Tengo 18 años, trabajo como ayudante de carpintero y a menudo mi jefe y yo solemos realizar alguna que otra chapuza.
Debido a mi esfuerzo físico y mi constitución delgada, aparte de mi lado más presumido, me gusta cuidar mi cuerpo.
Puedo decir que se marcan mis bíceps y abdominales y mi culo está muy bien contorneado y firme, gracias a las horas en el gimnasio y el respeto que mantengo a mi buena imagen.
Me gusta mirarme al espejo y felicitarme por mi torso liso, mi piel bronceada me gusta mirar esa imagen y contemplarla.
Pablo, mi jefe, es más fuerte que yo, más rudo por decirlo de alguna manera, me gusta el culo que dibujan sus pantalones cuando estamos por trabajo, incluso la forma de subírselos cuando después de un gran esfuerzo le resbalan cintura abajo, esa forma peculiar me excita, marcando el paquete que sólo he tenido oportunidad de ver ocasionalmente en algún baño.
Me da respeto mostrar mi condición sexual delante de él, no sé de qué manera respondería, y no quiero perder ni mi empleo ni a mi amigo.
Una vez más me refugio en mi silencio, en el silencio y el placer de ver mi imagen reflejada, mientras mi cabeza se sitúa en algún otro lugar con Pablo, semidesnudo ante mis ojos, y atrayéndome con su mano.
Es hora de amanecer, como siempre ya estoy listo y salgo para la calle, escaleras abajo en mi mente sólo una idea, ¿cómo vestirá hoy Pablo?.
Hay que ir a un bloque muy antiguo, es lo que me comenta, una mujer ha de cambiar unos muebles de cocina.
Estoy seguro de que alguna vez Pablo mantiene relaciones esporádicas con alguna clienta, eso despierta mis celos.
Pero mantengo mi secreto.
Entramos, gracias a Dios que hay ascensor.
Estrecho pero lo hay, la verdad después de ver la película gay de anoche y desgastar mi sexo mirando aquellos cuerpos perfectos, imaginando que era mi verga la que entraba y salía de cada culo, no tengo fuerzas para sospesar a pulso los armarios.
Entre Pablo y yo acomodamos uno a uno, cada mueble, cada pieza, pronto el ascensor está completamente lleno, hemos de subir la carga, pero solo nos queda un pequeño espacio, le indico a Pablo que suba él yo lo haré por las escaleras ya que hay que descargar una vez esté todo arriba.
Pablo insiste en que cabemos en aquel minúsculo espacio, que no hace falta que suba los 8 pisos a pie.
De manera que me acomodo con mi espalda en la pared fría del ascensor encogido para que Pablo se coloque en el interior, son 8 los pisos que tiene que ascender el ascensor viejo, chirrisquea como quejándose del peso, por un momento temo que no supere a prueba, pero se me olvida rápidamente mi idea al notar el cuerpo de Pablo apretándose contra mi pecho, de tal forma que su culo roza mi sexo, no puedo evitar la excitación ni la crecida de mi pene, está completamente erecto, la vergüenza me invade, supongo que no preguntará, mi cabeza estalla, ¿qué respuesta puedo darle que parezca coherente?.

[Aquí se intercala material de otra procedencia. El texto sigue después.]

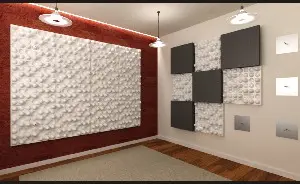 JOCAVI Two®Fx Panneau Acoustique Mixte (Lot de 2 pièces)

Ante mi sorpresa, Pablo me mira de reojo, su mirada de alguna forma me tranquiliza, al colocar el cuello otra vez en la posición inicial me sorprende como su trasero se agita, se refriega entre mis piernas clavando mi pene entre sus nalgas.
Pablo, no se corta, continua con su balanceo, e incluso hace movimientos imitando una penetración, mi pene casi estalla, mientras noto como uno de sus dedos busca mi mano y lo pasea por la piel, me tranquiliza, me relaja pero me excita aún más.
Pablo sabe lo que hace, estamos en el 7 piso, me mira de reojo una vez más e inclina su cuello hasta de que de una forma forzada sus labios rozan los míos entre abiertos por el placer.
Estamos en el 8 piso, el viejo ascensor chirría una vez más, es cómplice de nuestros roces, de nuestra confesión sin palabras.
Sin cruzar palabra salimos, descargamos las partes de los módulos y las acomodamos cerca de la cocina.
Pablo habla con la señora, mientras yo desembalo parte de las piezas de madera.
Óscar, vamos.
Es la voz de Pablo, me acerco para comprobar que necesita.
Su voz me comunica que tenemos que regresar al taller, faltan piezas.
Le comenta a la señora que quizás tardemos por que si no están allí probablemente haya que llamar al proveedor, y con cara de enojado, se da la vuelta hacia mí, mientras me guiña un ojo.
Salimos de la casa, entramos una vez más en el ascensor que está vez no se queja tanto, descendemos, mientras sus ojos me miran fijamente, me gusta, mi pene que por unos minutos había encontrado descanso se muestra al pie de guerra.
Me agarra una de mis manos, después la otra, me atrapa entre la pared y su cuerpo y se estrecha contra mi mostrándome toda la plenitud de su pene, tan o más grande de lo que había imaginado.
Mientras me clava sus pupilas, su lengua se deja asomar hasta rozar mis labios, es dulce, sensual y deseo más.
El trayecto del ascensor finaliza, y lentamente las puertas se abren para darnos un respiro y devolvernos a la realidad.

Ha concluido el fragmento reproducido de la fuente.